I claim there is a minor error in the 1958 paper Dualität by Ernst Specker and that I have a fix. I am working from Thomas Forster's translation from Specker's original German version. The issue is minor and does not affect the results of the paper.

The Claim

Specker claims (see page 6 of Forster's translation) that given formulas S₁ and S₂ he can find a formula T such that the conjunction of equivalences (S₁ ↔ S₁') ∧ (S₂ ↔ S₂') is equivalent to the single equivalence T ↔ T'. Here a prime indicates taking the dual of the formula (where 'dual' depends on the language under consideration).
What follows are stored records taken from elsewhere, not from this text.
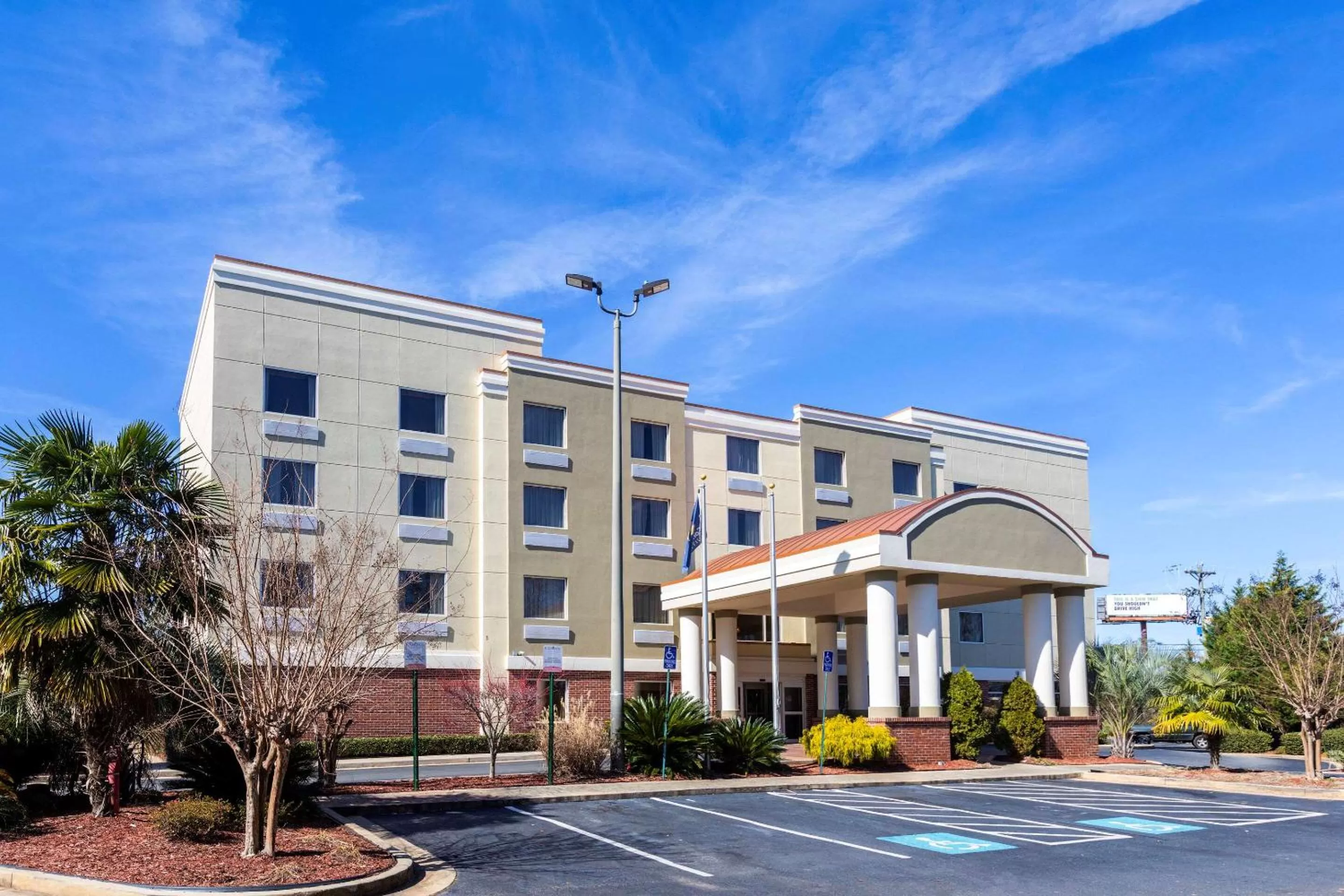 Property building in Comfort Suites Forsyth near I-75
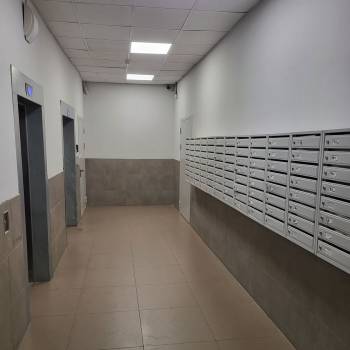 Продается 1-комнатная квартира, 42 м²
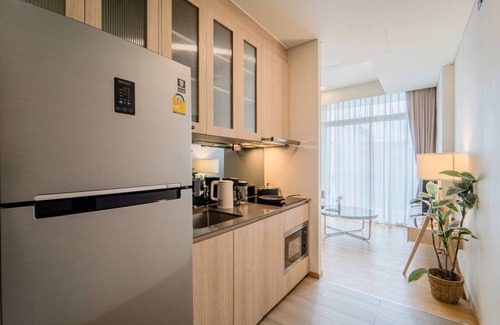 Khlong Toei Condo | Panoramic 2BR near Ekkamai with Infinity Pool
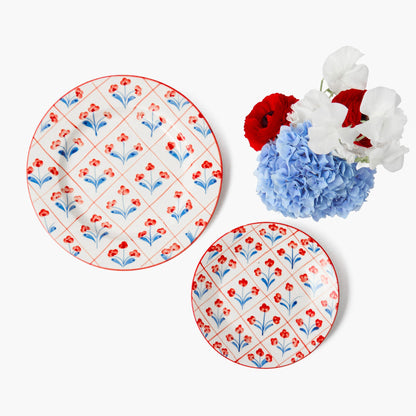 Piatto di partenza con traliccio floreale blu e rosso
I believe the claim is true, but do not believe Specker's proof.

Before reading the rest, any guess how to define a T from S₁ and S₂ (and their duals) so that the equivalence holds? You can try to interactively solve this problem in JITPRO by clicking here:

The Error

Specker chooses T to be
(S₁ ↔ S₁' ∧ S₂ ∧ ¬S₂') ∨ (S₂ ↔ S₂' ∧ ¬S₁ ∧ S₁') ∨ (¬S₁ ∧ S₁' ∧ S₂ ∧ ¬S₂')

Minor Point: Specker then says that T' is obtained from T by swapping the indices 1 and 2. Clearly T' (as the dual of T) is not obtained in this way. Instead T' is obtained from T by priming unprimed occurrences of S_i and unpriming primed occurrences of S_i. (In fact one can check that if T' were the same as T up to swapping the indices, then no choice of T could work.)

The question now is whether or not (S₁ ↔ S₁') ∧ (S₂ ↔ S₂') and T ↔ T' are provably equivalent. Unfortunately, it is not clear whether ↔ should bind more tightly than ∧ or not. So T could be either
((S₁ ↔ S₁') ∧ S₂ ∧ ¬S₂') ∨ ((S₂ ↔ S₂') ∧ ¬S₁ ∧ S₁') ∨ (¬S₁ ∧ S₁' ∧ S₂ ∧ ¬S₂')
or
(S₁ ↔ (S₁' ∧ S₂ ∧ ¬S₂')) ∨ (S₂ ↔ (S₂' ∧ ¬S₁ ∧ S₁')) ∨ (¬S₁ ∧ S₁' ∧ S₂ ∧ ¬S₂').
We consider both possibilities and show neither works.

Assume T is
((S₁ ↔ S₁') ∧ S₂ ∧ ¬S₂') ∨ ((S₂ ↔ S₂') ∧ ¬S₁ ∧ S₁') ∨ (¬S₁ ∧ S₁' ∧ S₂ ∧ ¬S₂')
so that T' is
((S₁' ↔ S₁) ∧ S₂' ∧ ¬S₂) ∨ ((S₂' ↔ S₂) ∧ ¬S₁' ∧ S₁) ∨ (¬S₁' ∧ S₁ ∧ S₂' ∧ ¬S₂).
Suppose we have formulas S₁ and S₂ and a model in which S₁ and S₂ are false but the duals S₁' and S₂' are true. In this case, the conjunction
(S₁ ↔ S₁') ∧ (S₂ ↔ S₂') is false (both conjuncts are false).
On the other hand, both T and T' are false, hence T ↔ T' is true.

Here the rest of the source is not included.